The Easy Peace Is Over

When the first Abraham Accords were signed, I allowed myself a rare moment of cautious optimism.

I have spent a considerable part of my life in the Middle East, and it remains a region I genuinely love despite all its contradictions. Few places possess such beauty, such history, and such astonishing complexity. Yet for as long as I can remember, peace always seemed to hover just beyond reach, like a mirage that dissolved the moment anyone drew close enough to touch it.

I never truly expected to witness meaningful regional reconciliation during my lifetime.

Then the agreements began to appear.

One after another.

For the first time in many years, I found myself hoping.

Perhaps this was the beginning of something much larger.

Perhaps genuine regional peace was finally possible.

Perhaps.

Then the momentum stopped.

Today we find ourselves facing one of the most dangerous periods the region has experienced in decades. Open warfare. Multiple fronts. Escalation where optimism once briefly lived.

Looking back, I suspect the Abraham Accords were, in one important respect, deceptive.

Not because they were unimportant.

Far from it.

They represented real diplomatic achievements.

But they were also the low-hanging fruit.

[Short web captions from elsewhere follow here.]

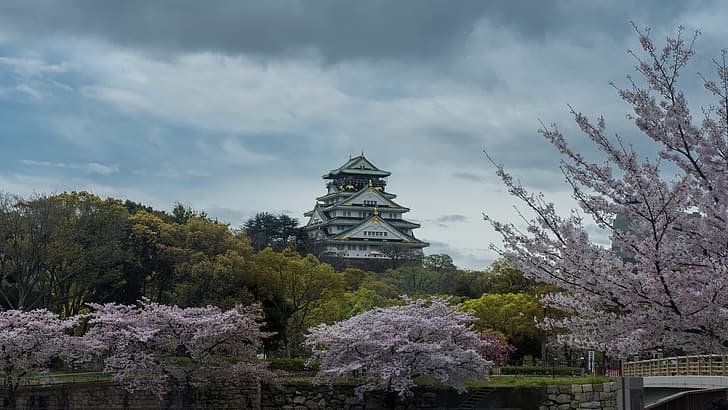 landskap, natur, himmel, träd, Sakura blossom, Osaka Castle, Japan, HD tapet
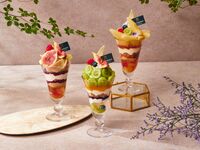 《秋の選べる締めフルーツパフェ》本日のパスタや真鯛のカルパッチョなど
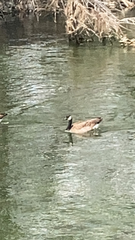 Branta canadensis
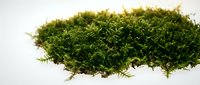 Lush green moss isolated on white background, ready for design projects, botanical illustrations, nature graphics, and eco-friendly branding materials.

The countries that signed had, for years, quietly moved towards closer relations with Israel. Strategic interests increasingly aligned. Shared concerns had already created foundations upon which formal agreements could eventually be built. Once political conditions allowed, the signatures came relatively quickly.

Those were the easier victories.

The real challenge has always been elsewhere.

The region’s hardest diplomatic targets remain precisely that because they involve societies where public opinion towards Israel remains deeply hostile, where historical grievances remain powerful, and where leaders often face enormous domestic risks if they move too far ahead of their own populations.

Signing a document is one thing.

Changing generations of political culture is something else entirely.

History offers sobering reminders.

Consider Anwar Sadat.

His decision to pursue peace with Israel transformed the strategic landscape of the Middle East, yet it also made him a target. He ultimately paid for that decision with his life. The treaty endured, but the relationship that followed was often described less as a warm peace than as a cold one—stable, valuable, but never fully embraced by large parts of the public.

That distinction matters.

Governments can negotiate.

Peoples take far longer.

Diplomatic agreements can be signed in a matter of weeks.

Trust often requires generations.

Donald Trump has repeatedly demonstrated a preference for pursuing negotiations that can produce visible results within politically meaningful timeframes. There is nothing inherently wrong with that. Success encourages further success.

But the remaining obstacles in the Middle East are not quick wins.

They are the difficult ones.

The ones where history weighs heavily.

The ones where domestic politics can prove more dangerous than foreign policy.

The ones where signatures alone are not enough.

Those are the agreements that will determine whether the region merely experiences temporary pauses between conflicts—or eventually discovers something approaching lasting peace.